1. First step is preparing your jars. You can use anything that will withstand heat. As mentioned above, I used mason jars and think they look amazing. Put a dab of your Tacky Wax on the bottom of the wick piece and stick it to the bottom of your jar nicely in the middle. If you're using a large jar like these mason jars, using scissors or butter knife helps to press it down there hard so it sticks and doesn't move around when you pour the wax in.
2. You're ready to cook your wax. I used a medium-size stainless steel pot as a base pot. Put my double broiler down, and a cheap metal pitcher on top of that. (Don't have a double broiler? You can fit three wide-mouth canning rings at the bottom, creating a makeshift rack or fake double broiler to set your pouring pitcher on. Heating wax over direct heat can cause overheating and possibly a fire, so don’t do it! Make sure you have a double broiler or makeshift one).
3. Pour water inside the base pot and heat the wax to the degree directed for your specific wax. There's no need to stir or break apart chunks. As the wax melts, it will all come out on its own.
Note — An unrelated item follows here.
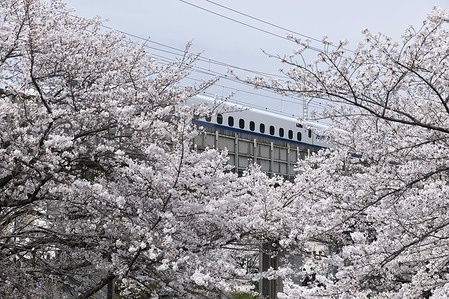 Shinkansen train seen on a bridge above blooming Sakura trees. The Sakura trees in Kawasaki are in full bloom during the Hanami season 2024.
I actually didn't even check the temperature of my wax - once it completely melted I took it off.
4. When the wax reaches its pouring temperature, or whenever it completely melts, you can add your candle dye, which comes in liquid or solid form. (The dye package will direct how much to use). If you’re using solid dye, you can cut it up before adding it so that it will melt faster. 
5. After the dye is mixed in, turn off the heat and quickly add the scent. You can use one scent or a combination to create custom scents. I used essential oil combinations to make cinnamon-vanilla and patchouli-lime, and lavender-mint and rosemary-mint. All smelled amazing! If you do use essential oils, you will need to add in a lot to make your candle actually smell when you burn it.
6. Pour the wax into the containers (reserving some extra wax for topping off later). Be careful to keep your wicks centered. - I used knives positioned across the tops to keep the wicks in place until the wax set.
7. Let cool for 30-45 minutes. Reheat reserved wax to pouring temperature then top off the candles to fill in any air bubbles or unevenness. 
It's worth mentioning now that the color of your hot melted wax will not look like that color when it's dried. I didn't add in any candle dye to mine because I like them white and they look like a really ugly yellow until they completely dry and harden:
8. You're done! You can personalize with a label or ribbon and gift away! I used baker's twine (can find at any craft store) and some jingle bells (50-pk at Dollar Tree Christmas section).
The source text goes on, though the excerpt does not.